Tais analistas haviam lido a teoria de Freud sobre a sexualidade da seguinte forma: no início da vida o bebê se relaciona com pedaços de um objeto, nunca com um objeto inteiro. Até aí está tudo certo. De fato, para Freud os objetos com os quais a criança lida são objetos parciais (seio, fezes, pênis, clitóris). No entanto, e é nesse ponto que eles se afastam de Freud, pois admitiam que a criança vai amadurecendo ao longo do tempo, de modo que após o período de latência ela não mais se relaciona com objetos parciais, mas com um objeto inteiro e totalmente harmônico, capaz de satisfazer plenamente ao seu desejo. O neurótico seria, portanto, aquele infeliz que ainda permanece agarrado aos objetos parciais, não tendo amadurecido o suficiente para lidar com um objeto total. Em decorrência, o objetivo da análise seria levar o sujeito ao amadurecimento, isto é, ao ponto em que ele fosse capaz de se relacionar com um objeto pleno e harmônico.

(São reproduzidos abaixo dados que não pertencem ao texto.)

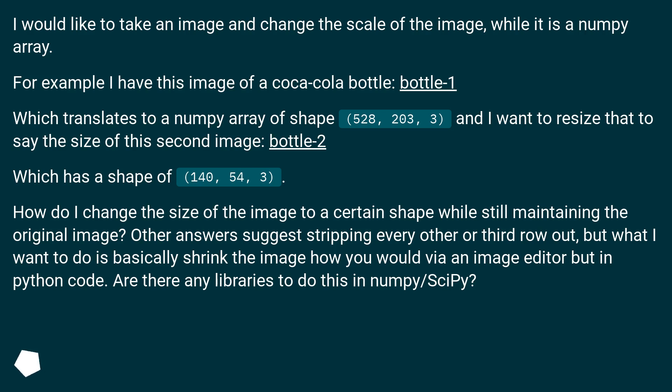but what I want to do is basically shrink the image how you would via an image editor but in Python code. Are there any libraries to do this in NumPy Slash SciPy?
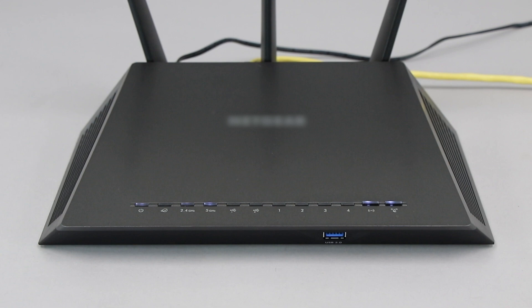If your router does not have a WPS button, you'll need to use an alternative method for wireless setup. Click the link on the screen to see other ways to connect.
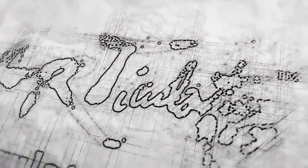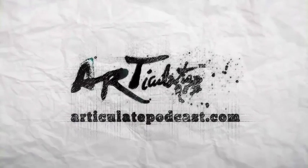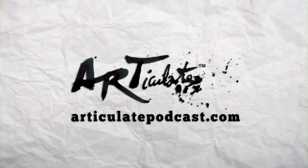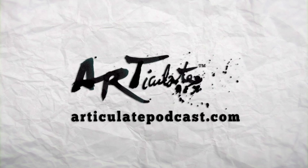You're listening to Articulate with your hosts, Kevin Kramer and Sean Gillespie, your go-to guys for art tips, techniques, and general artist ramblings, presented by DrawingAndColoring.com. Hey everybody, welcome to Articulate, the podcast where we talk about everything art. I am your host, Kevin Kramer, and with me as always, my co-host, Sean Gillespie.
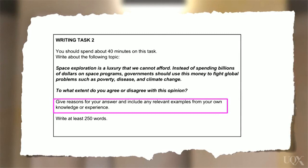In the IELTS Task 2 writing test, instructions tell you to give reasons for your answer and include any relevant examples from your own knowledge or experience. So the next requirement is that we present a clear position and support it with relevant reasons and examples. This is called constructing an argument.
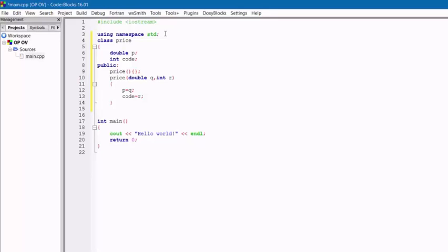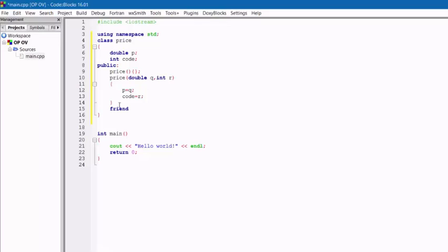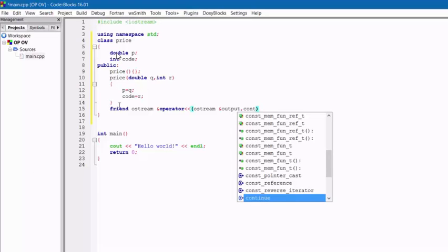We are starting directly with the programming part. I have created a class and a constructor publicly — an empty constructor and a constructor with two arguments: a double and an integer type, which holds the values of P and Q. The main thing we have to do is create an operator overloading function. I am creating a friend function, which can access private values. In C++, if you do not assign any access modifier, variables automatically go to private, so this double and int go to private.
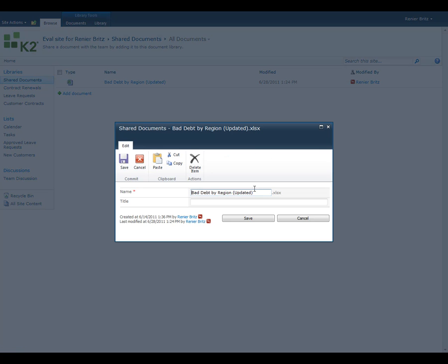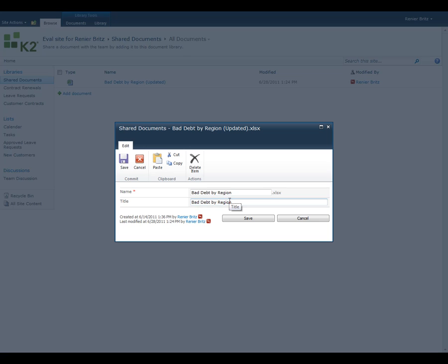Checking the properties on the file, we see that the name has been updated. We want to change the name of the file back to the original name, but we'll update the title of the document to indicate that it has been updated recently.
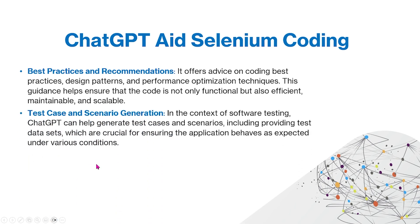You can also use ChatGPT to create test cases and scenario generation. In the context of software testing, ChatGPT can help generate test cases and scenarios, including providing test data sets, which are crucial for ensuring the application behaves as expected under various conditions.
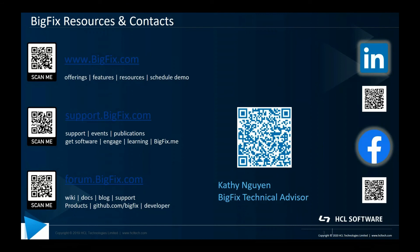Now, on the screen, there are some BigFix resources listed. And also, feel free to reach out to me on LinkedIn. There's my QR code if you would like to scan that. If you have any questions or concerns in regards to this video or in regards to BigFix in general, definitely reach out to me. I hope you guys enjoyed this video and I hope it was helpful.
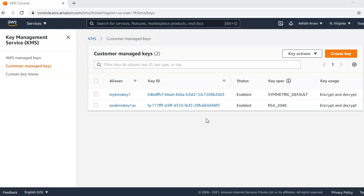If you want to read more about it, you can anytime explore the AWS documentation. There is a concept called key policy. When you create a CMK, like we created here, we determine who can use and manage the CMK. These permissions are contained in a document called the key policy. We can use the key policy to add, remove or change permissions at any time for a customer managed CMK, but you cannot edit the key policy for an AWS managed CMK.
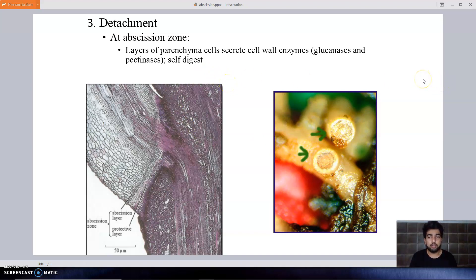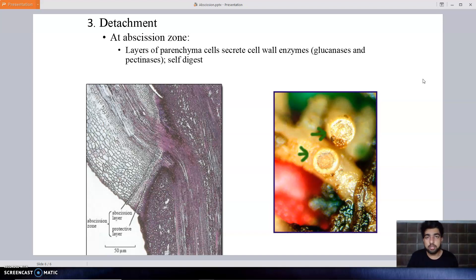Besides the mechanism, there is also the concept of the role of hormones in the abscission process. There are two hormones: auxin and ethylene. These two hormones play an important role in the regulation of abscission. Auxin always inhibits the abscission process, while ethylene always enhances or increases the abscission process. This is the general concept and mechanism of abscission. Thank you so much.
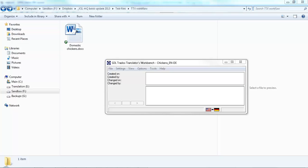We're going to have a look at how to prepare a pre-segmented TTX file for translation in another CAT tool, such as MemoQ.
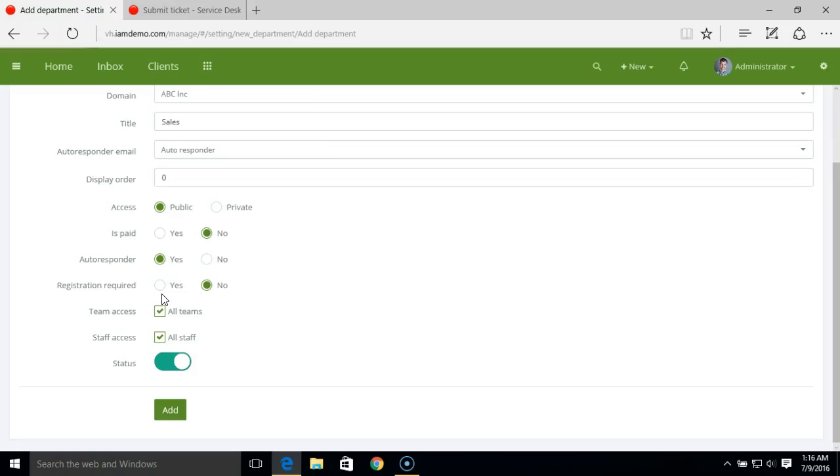Further, we have registration required. If you set this to yes, that means any customer creating a ticket for the sales department will have to be registered to the system first, and then they will be able to create the ticket. If set to no, any client can send a ticket to the sales department even without registration.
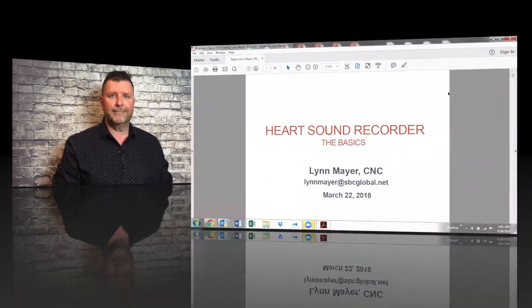On this next video we're going to join Lynn Mayer for the basics on the HeartSound Recorder. This video is designed for people that are beginning to use the HeartSound Recorder, but it's also a great refresher if you're currently using it. I encourage you to get your staff to watch the video so they can understand the basics. Let's see what Lynn has to say.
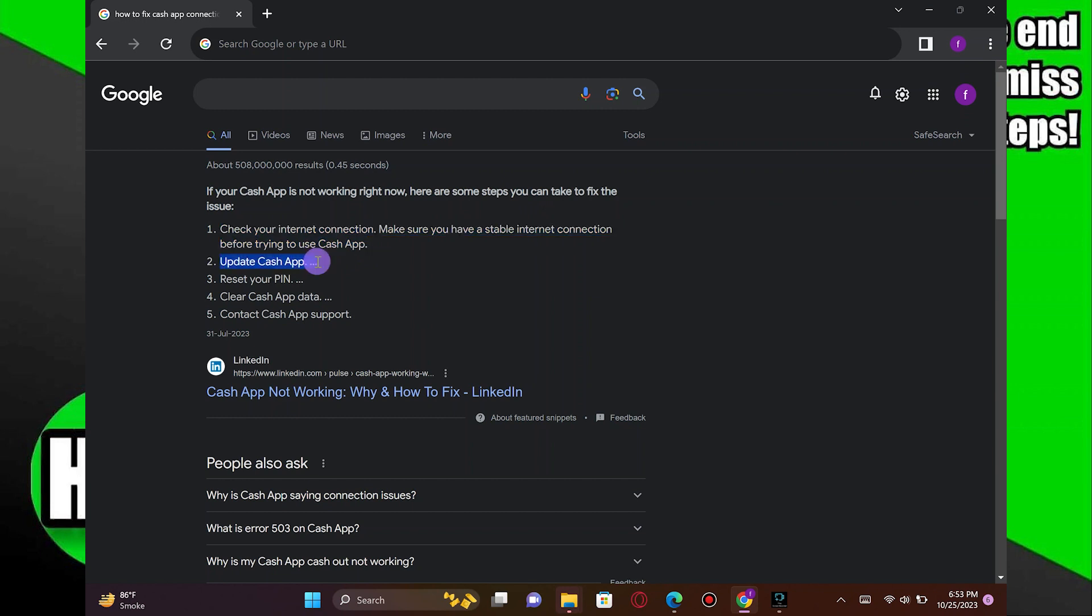Next, try updating your Cash App to the latest version available. If the issue persists, you can reset your PIN to see if that resolves the problem.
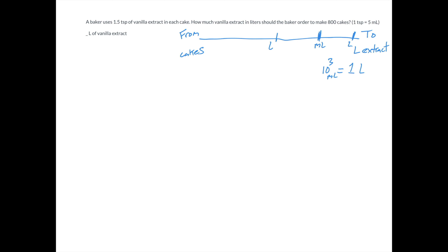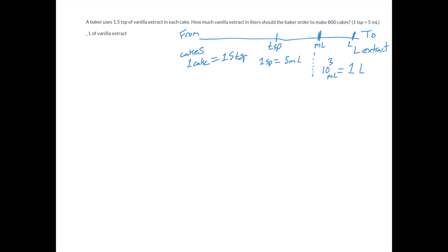And then we can go between milliliters and teaspoons. So if we can go in this direction, maybe that'll get us closer. For every one teaspoon, we have five milliliters. Now we need to get between teaspoons and cakes. It actually tells us in the problem a conversion factor if we look very carefully — a baker uses 1.5 teaspoons of vanilla extract in each cake. So for every one cake, there's one and a half teaspoons: one cake equals 1.5 teaspoons. There we have all the conversion factors we need.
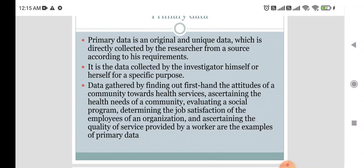Additional examples of primary data include: ascertaining the quality of service provided by a worker, evaluating a social program, and determining job satisfaction of employees of an organization. These are all examples where the investigator directly collects first-hand data.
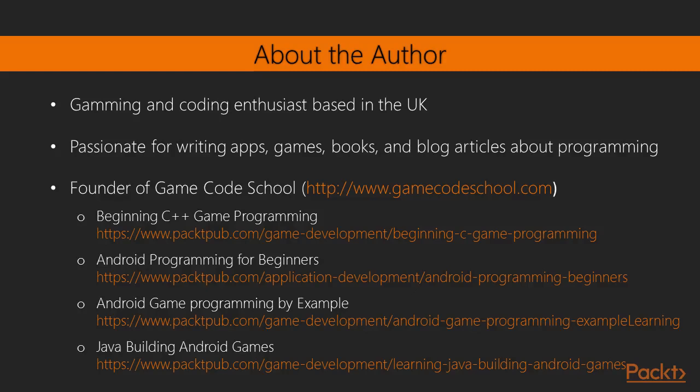He is the founder of GameCodeSchool, which is dedicated to helping complete beginners start coding using the language and platforms that are best for them. He has authored many technological books, most recently these.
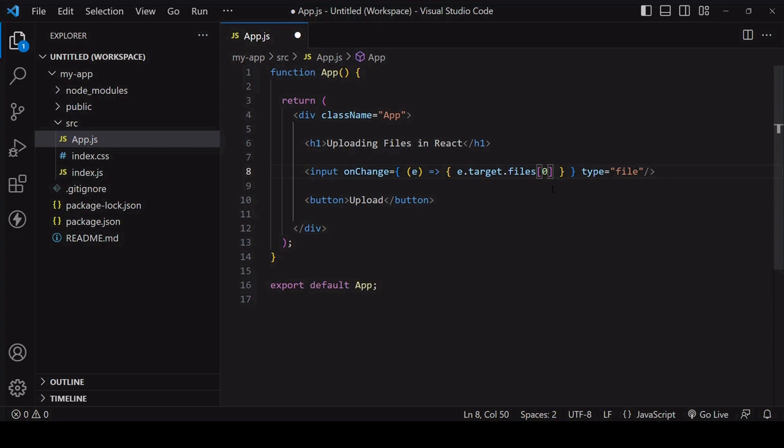The file that users selected is available on the files property on a file list. Because it's a single file it will be at index position 0. Now to make the selected file available when the upload button is clicked.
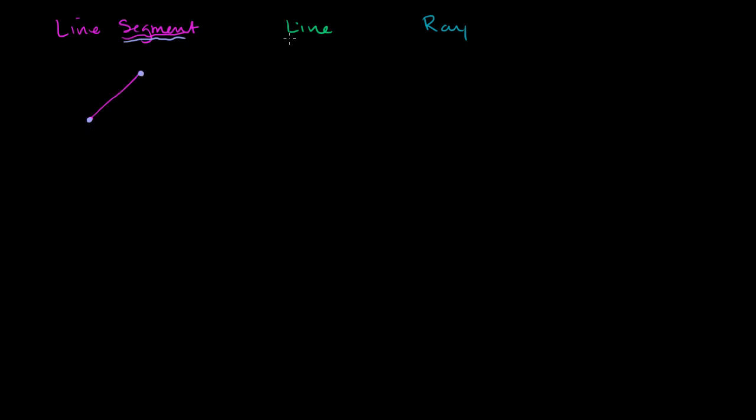A line, if you're thinking about it in the pure geometric sense of a line, is essentially it does not stop. It doesn't have a starting point and an ending point. It keeps going on forever in both directions. So a line would look like this.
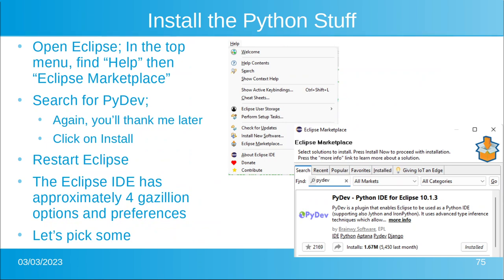Now you need to install the Python stuff for Eclipse. Open Eclipse and in the top menu go to Help > Eclipse Marketplace. It's going to say find — type PyDev, as in Python development. Again, you'll thank me later. Click on Install. That's going to take a little while.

Ora, como vimos ainda há pouco, isso não tem nada a ver com o que Freud sustentava. Para o pai da psicanálise, o neurótico que chega ao psicanalista não é um imaturo. Aliás, a idéia de “amadurecimento” não faz qualquer sentido em Freud. O neurótico que procura análise é apenas alguém que teima em achar que é possível encontrar esse objeto pleno, completamente satisfatório. Assim, o objetivo da análise, em Freud, é diametralmente oposto ao da análise da Escola da Relação de Objeto. Trata-se, na clínica freudiana, de levar o sujeito a se dar conta justamente de que o objeto pleno não existe, de que essa falta de objeto é estrutural na existência humana e de que é justamente ela que permite o exercício da criatividade e da plasticidade do desejo.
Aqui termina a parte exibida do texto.